Local backups protect against hardware failure and accidental deletion. They don't protect against site-level disasters: fire, flood, or ransomware that compromises your entire network. PBS sync jobs solve this by replicating your backups to a geographically separate PBS instance. This post covers setup, scheduling, and the operational details that keep offsite replication running smoothly.

Key Takeaways
  • PBS sync jobs use a pull model — the destination PBS pulls snapshots from the source
  • Sync is incremental at the chunk level, transferring only new/changed chunks
  • Sync must complete before local pruning removes snapshots you want offsite
  • Use --remove-vanished to mirror source retention, or disable it to keep independent history
  • Client-side encryption with --encrypted-only ensures offsite copies never contain plaintext

Why Offsite Replication Matters

The 3-2-1 backup strategy calls for three copies of your data on two different media types, with one copy offsite. Most Proxmox environments handle the first two: PVE stores the live copy, and PBS keeps backup snapshots. The offsite copy is where many setups fall short.
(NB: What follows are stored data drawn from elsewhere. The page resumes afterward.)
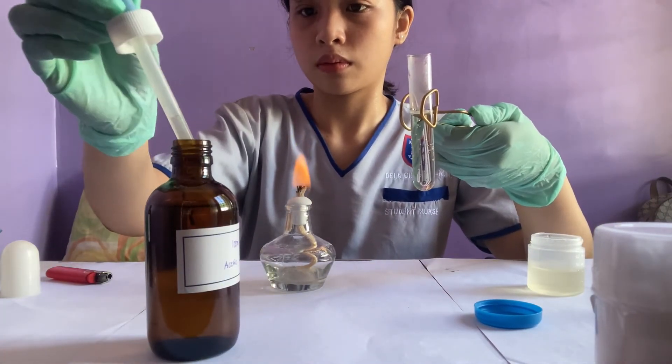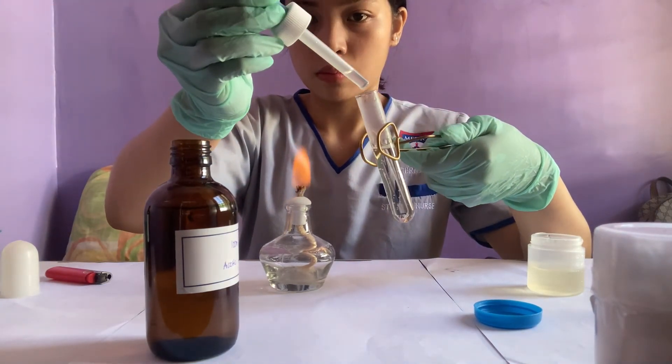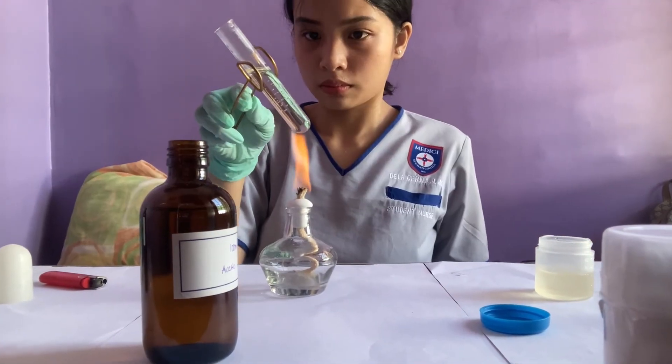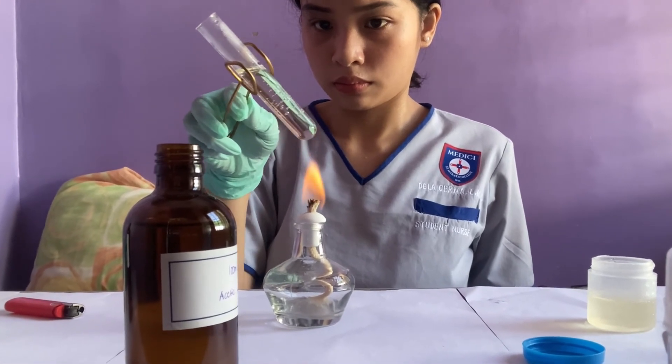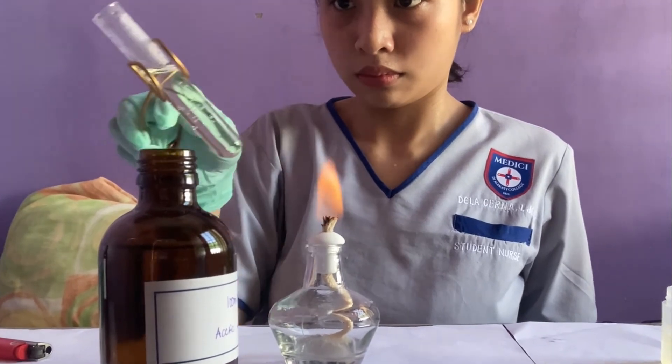I added 3 to 4 drops of acetic acid and boiled it again. As you can see, it does not become turbid or cloudy — it remains clear all throughout.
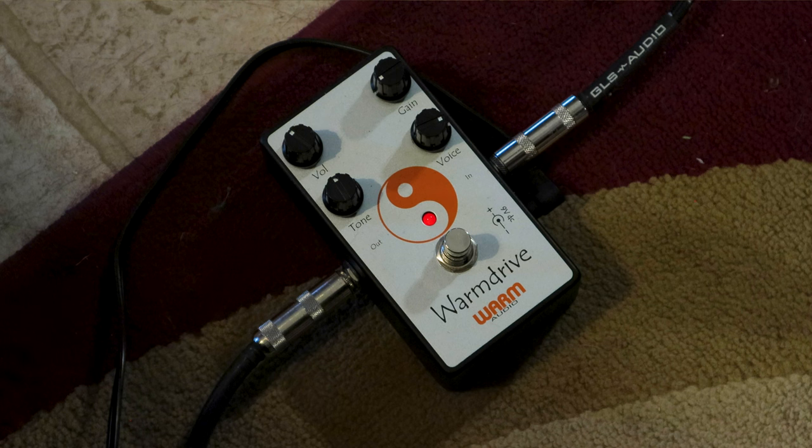Today's video is about the Warm Drive from Warm Audio. It's kind of supposed to mimic the Dumble amplifiers. I love how it sounds. Let me show you the controls: there's a volume knob, a tone knob below that, a gain knob across from the volume, and a voice knob below the gain. There's an LED that glows red when it's on, plus standard quarter-inch in/out jacks and a nine-volt power supply.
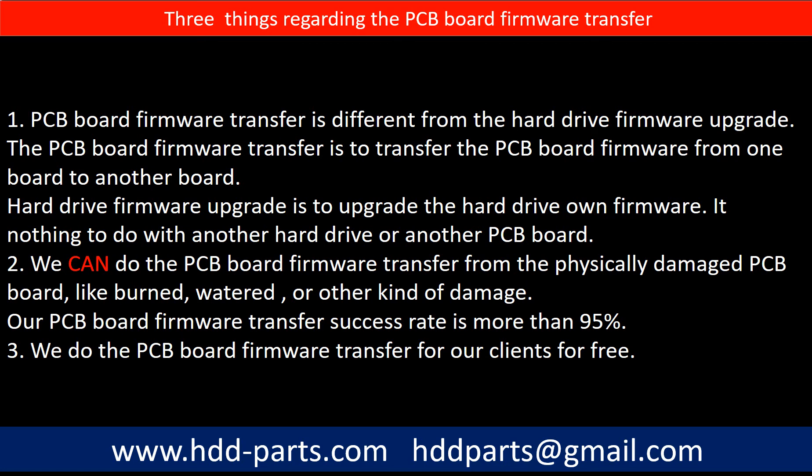Second, we can do the PCB board firmware transfer even from a physically damaged PCB board — such as burned, watered, or other kinds of damage. Our PCB board firmware transfer success rate is more than 95%. Third, we do the PCB board firmware transfer for our clients for free.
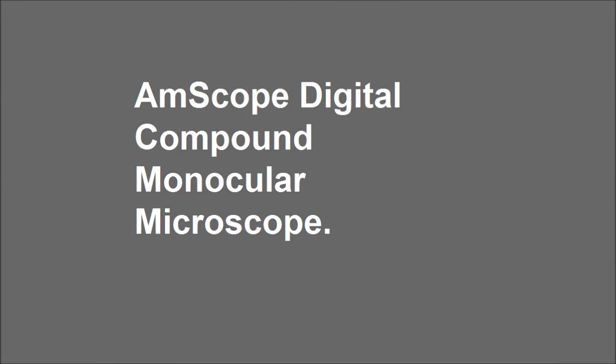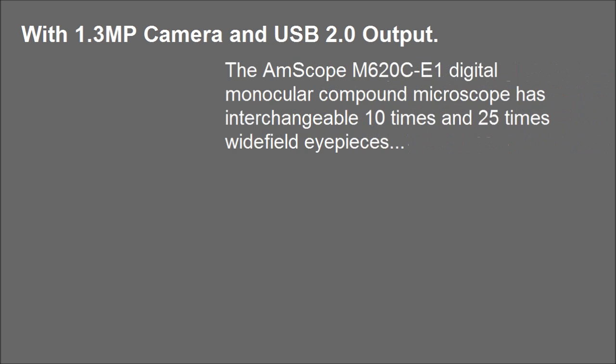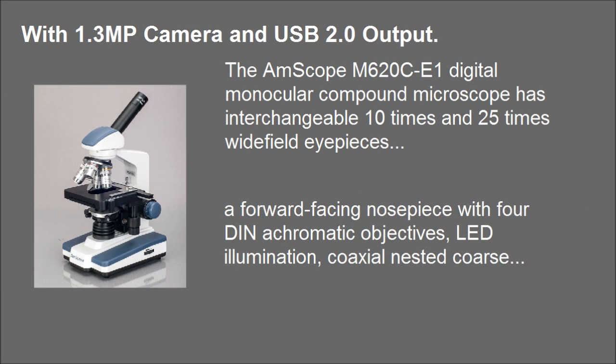Amscope Digital Compound Monocular Microscope with 1.3 MP camera and USB 2.0 output. The Amscope M620CE1 Digital Monocular Compound Microscope has interchangeable 10x and 25x wide-field eyepieces, and a forward-facing nosepiece with 4 achromatic objectives.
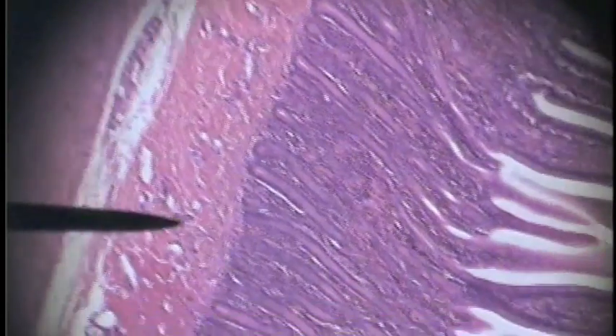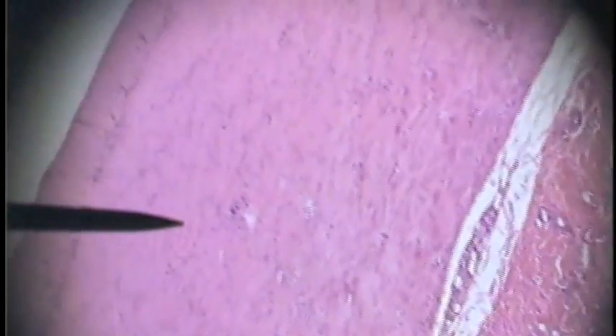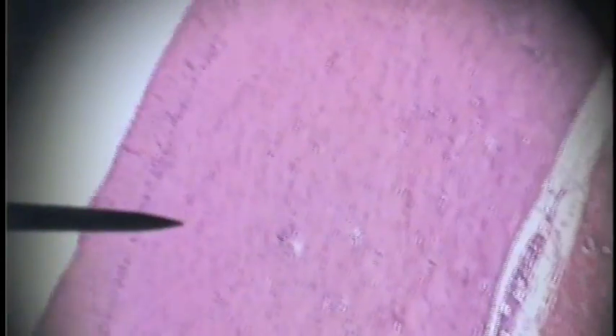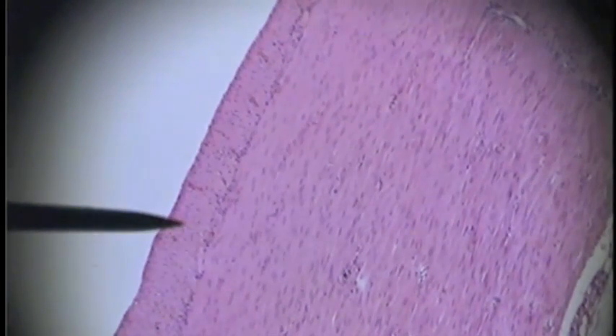Here is the submucosa — this pinker tissue. Now we're into the tunica muscularis. We have two layers: the tunica circularis and the longitudinal layer. Here is the circularis and here is the longitudinal layer. Indicated here is the tunica cirrosa.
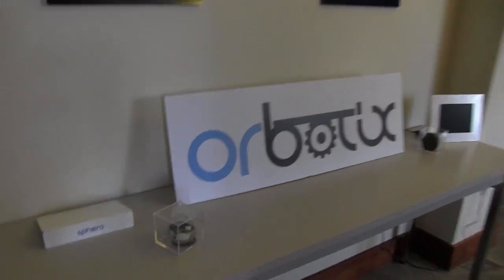I've always wanted to do my own thing. I got tired of building websites for other people, and that's when I came up with this company, Orbotics. We build Sphero, which is a robotic ball controlled from your smartphone.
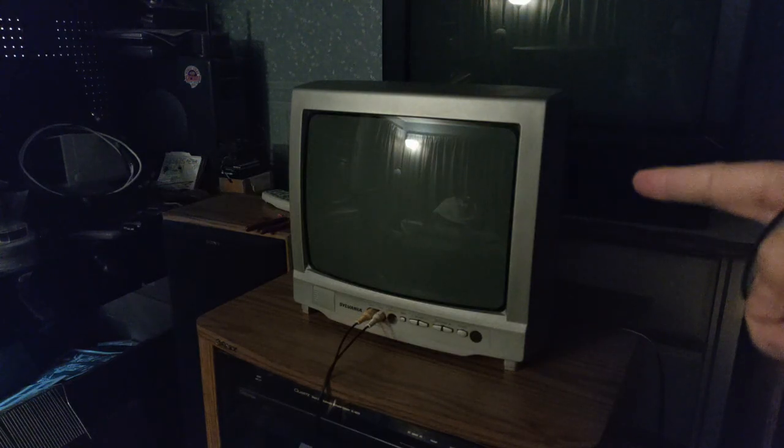Okay, we got my TV out. You can see the PlayStation 2 is plugged into it. Bought a universal remote, bought it for that TV. So we're going to program the remote to work with this.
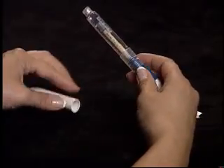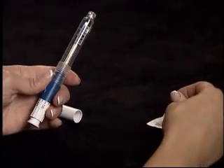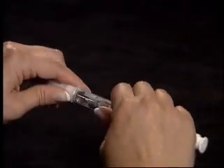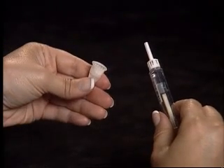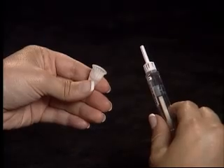Remove the pen cap and clean the threaded end with an alcohol wipe. Attach the pen needle and twist into place. Remove the outer needle cap and do not discard — you will need this cover to remove the needle when the injection is complete.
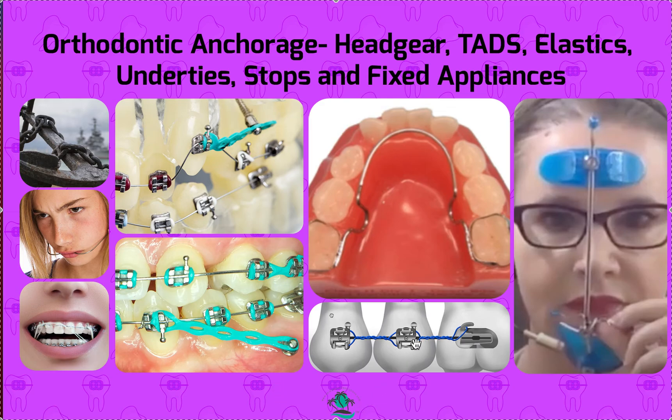Hopefully this was helpful in understanding anchorage. I forgot to mention — elastics are also a type of anchorage, not this type specifically, but in general, class two or class three elastics. Thanks so much.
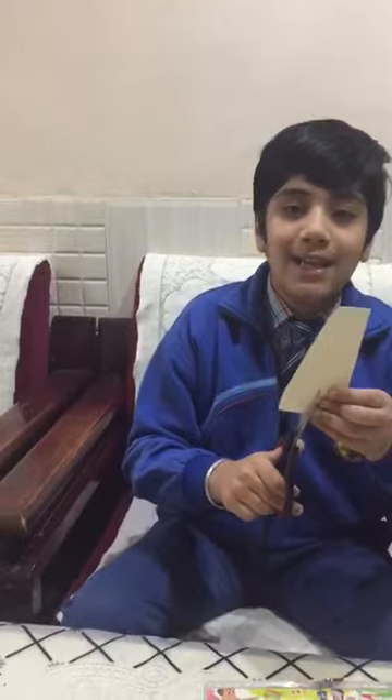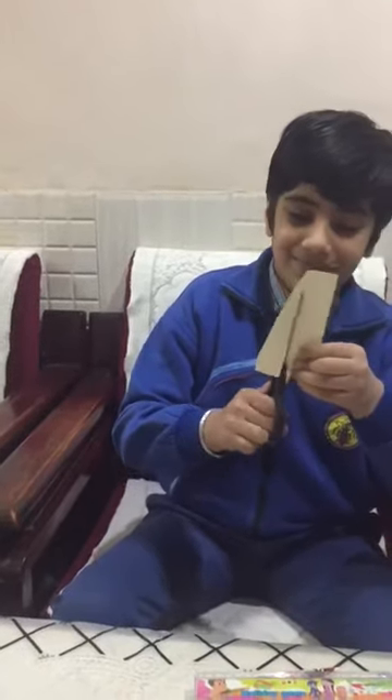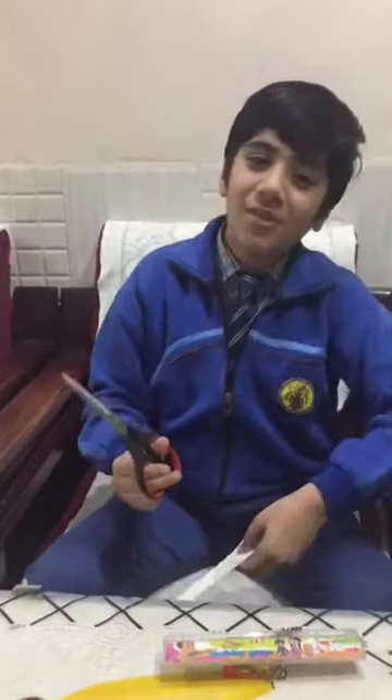My last simple machine is this wedge. It has two sharp edges. When they meet, they cut everything like paper. Thank you ma'am.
A local PBS protects you from disk failures, accidental VM deletions, and corrupted filesystems. It does not protect you if the building floods, a fire takes out the server room, or ransomware spreads across your LAN. In a ransomware scenario, an attacker with network access can potentially reach your local PBS. We covered this attack surface in detail in our post on immutable backups and ransomware protection. Proper permissions limit the damage, but a compromised PBS server means everything stored there is at risk.

Some compliance frameworks require geographic separation of backup data. If you're subject to ISO 27001, SOC 2, or industry-specific regulations, a local-only backup strategy may not pass audit.

The answer is the same in all cases: replicate your backups to a second PBS instance in a different location.

How PBS Sync Jobs Work

PBS sync jobs operate on a pull model. This is counterintuitive and worth understanding upfront. The PBS instance where you configure the sync job is the destination. It reaches out to a configured "remote" (the source) and pulls snapshot data to itself.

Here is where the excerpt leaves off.